The surge in Indian equities follows US Fed Chair Jerome Powell’s acknowledgment of the risks of delaying rate cuts on Wednesday. It bolstered expectations of a 25 basis points (bps) rate cut by March 2024 and fuelled a rally across global stock markets.
“Fed’s newly minted dovishness adds another bullish leg to the market,” said Seshadri Sen and Chinmay Kabra, analysts at Emkay Global.
Higher foreign inflows, hopes of political stability in 2024 and sustained strength in the capital expenditure cycle are expected to contribute further to the strength in domestic equities, they added.
Tech, metals driving rally
India’s IT companies, which draw a significant share of their revenue from the US, jumped 7.16% for the week, logging their best week in 26 months.

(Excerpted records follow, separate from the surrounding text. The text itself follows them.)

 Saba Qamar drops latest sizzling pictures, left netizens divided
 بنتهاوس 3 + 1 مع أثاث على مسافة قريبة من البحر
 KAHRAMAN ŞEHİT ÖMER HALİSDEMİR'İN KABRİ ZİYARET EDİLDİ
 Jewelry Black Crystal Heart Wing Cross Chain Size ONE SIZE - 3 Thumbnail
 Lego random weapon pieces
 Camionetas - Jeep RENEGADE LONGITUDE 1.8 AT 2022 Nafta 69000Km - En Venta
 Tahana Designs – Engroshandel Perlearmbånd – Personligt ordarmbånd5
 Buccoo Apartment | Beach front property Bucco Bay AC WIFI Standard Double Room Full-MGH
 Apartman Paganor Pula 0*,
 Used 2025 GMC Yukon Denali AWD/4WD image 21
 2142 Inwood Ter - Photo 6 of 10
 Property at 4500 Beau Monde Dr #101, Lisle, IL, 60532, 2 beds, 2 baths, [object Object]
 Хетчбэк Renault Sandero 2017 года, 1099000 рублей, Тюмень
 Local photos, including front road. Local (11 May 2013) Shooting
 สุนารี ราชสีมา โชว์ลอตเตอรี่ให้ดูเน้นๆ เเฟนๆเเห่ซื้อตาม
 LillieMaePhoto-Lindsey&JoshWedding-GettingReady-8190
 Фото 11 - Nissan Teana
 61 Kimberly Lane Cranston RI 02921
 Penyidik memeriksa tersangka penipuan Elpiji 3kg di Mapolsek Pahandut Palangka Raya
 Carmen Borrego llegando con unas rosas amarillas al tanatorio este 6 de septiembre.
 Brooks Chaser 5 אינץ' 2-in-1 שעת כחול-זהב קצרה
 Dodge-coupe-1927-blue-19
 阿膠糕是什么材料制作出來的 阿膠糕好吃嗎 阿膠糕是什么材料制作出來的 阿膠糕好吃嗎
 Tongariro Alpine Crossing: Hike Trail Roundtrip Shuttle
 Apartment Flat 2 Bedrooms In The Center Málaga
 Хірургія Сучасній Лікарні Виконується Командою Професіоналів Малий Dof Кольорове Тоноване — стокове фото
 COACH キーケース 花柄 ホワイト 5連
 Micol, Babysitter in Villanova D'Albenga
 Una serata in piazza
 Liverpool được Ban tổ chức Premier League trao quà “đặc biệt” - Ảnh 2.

Infosys, India’s second-biggest IT company, advanced 5.13% on the day and 5.85% on the week, driven by the easing global rate outlook.
Meanwhile, the metal index climbed 5%, led by an increase in global metal prices as the US dollar came under pressure following the Fed’s dovish commentary on future rate trajectory.
A weak US dollar makes metals cheaper to holders of other currencies.
Earlier in the month energy and financial sector stocks also rallied. The Nifty Energy Index and Banking Index both ended the week at an all-time high as well.